Flexibility services based on flexible features of the power network infrastructure and on optimal RES utilization
Adam Babs, Institute of Power Engineering, Poland
The flexibility of a power system refers to its ability to adapt to changes in demand and generation in a way that ensures the security of energy supply and optimal utilization of energy sources, particularly renewable sources.
In a centralized system, where sources with planned and stable generation play a dominant role, this requirement is typically done using a power system frequency controller, Central Power and Frequency Control (CPFC), which adjusts the output of generators in response to changes in demand. However, as the energy system shifts towards decentralization and greater reliance on renewable sources, a more flexible and intelligent system is required, utilizing consumer participation, improved interconnection, more efficient large-scale energy storage, and demand response and management utilizing digital technologies. Managing such a system, in addition to the active participation of consumers and energy producers, requires the implementation of new services and products. One such service is the flexibility service, which can be offered on the planned flexibility services market by both system operators and energy producers. Flexibility services offered may concern both dynamically changing conditions of energy transmission through network elements and adaptation of energy production to current needs.

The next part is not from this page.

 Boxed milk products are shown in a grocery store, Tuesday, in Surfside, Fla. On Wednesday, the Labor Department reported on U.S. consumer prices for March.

The demonstrators in the EUniversal project: DSO ENERGA together with the Institute of Power Engineering elaborate a practical approach to solve the problem of constraints in the transmission infrastructure mainly in HV lines, and problems with the negative influence of massive installation in the LV grid, the inverter-based generations i.e., PV generation. The Congestion Management Service (CMS) is a flexibility service that addresses constraints inflicted by thermal, voltage, and stability limit violations on network elements such as transmission lines, cables, and transformers. Its purpose is to mitigate the risk of boundary violations and restore the network to within acceptable operational limits.
Implementation of congestion management with the use of dynamic line load capacity enables technical and cost-effectively ensure safe operation of the distribution system both under current operating conditions and for expected (forecasted) conditions. The use of the dynamic line load capacity in the operation of the distribution network leads to better and more effective use of the transmission capacity of the line. The increasing prevalence of PV micro-installations in Low Voltage (LV) electrical grids has resulted in voltage issues due to the inadequacy of current grid infrastructure. Specifically, PV energy production is suspended as voltage levels exceed permissible limits. To address this issue, efforts are being made to enhance the flexibility of LV grids to accommodate a greater number of PV micro-installations. The investigation regarding the mitigation of interrupted operation of the PV installation caused by overvoltage protection has led to elaborating the solution for voltage control using an MV/LV transformer with an on-load tap changer (OLTC). OLTC is controlled based on the voltage measurement in the depth of the LV network via the Advanced Metering Infrastructure (AMI) system, mostly at the Points of Connection (POC) of the PV, thus protecting against voltage limit violation and providing the possibility of continuous operation of the PV.
PV installations have a significant impact on the power grid, especially on the low-voltage network, but also on the MV grid because energy is transferred ‘up’ the power grid. The finding of the demonstration is combined voltage control by OLTC in the MV/LV substation with voltage regulation in HV/MV substations. The voltage controller algorithm of the HV/MV transformer should consider the power generation level in the MV and LV network. Instead of the day/night voltage set value the voltage setting might be dependent on the value and flow direction of the active power.
The basic, key challenges related to the growing production potential of photovoltaic power plants are:
Technical challenge related to the increasing amount of energy generated from photovoltaics.
Naturally, some of this energy will not be able to be absorbed – it will be necessary to manage its amount directly at the sources of its production.
Economic challenge – at the peak of photovoltaic energy generation, energy prices on the stock exchange will fall, with the possibility of negative prices.
Meeting the technical challenges is the responsibility of the distribution network operators (DSOs) and the transmission network operator.
EU-funded research initiatives like EUniversal, focusing on multiple member nations, have the potential to greatly shape a unified system for managing distributed flexibility across Europe. The basic findings of the Polish demonstrator EUniversal project can be shared with others and adopted by other DSOs.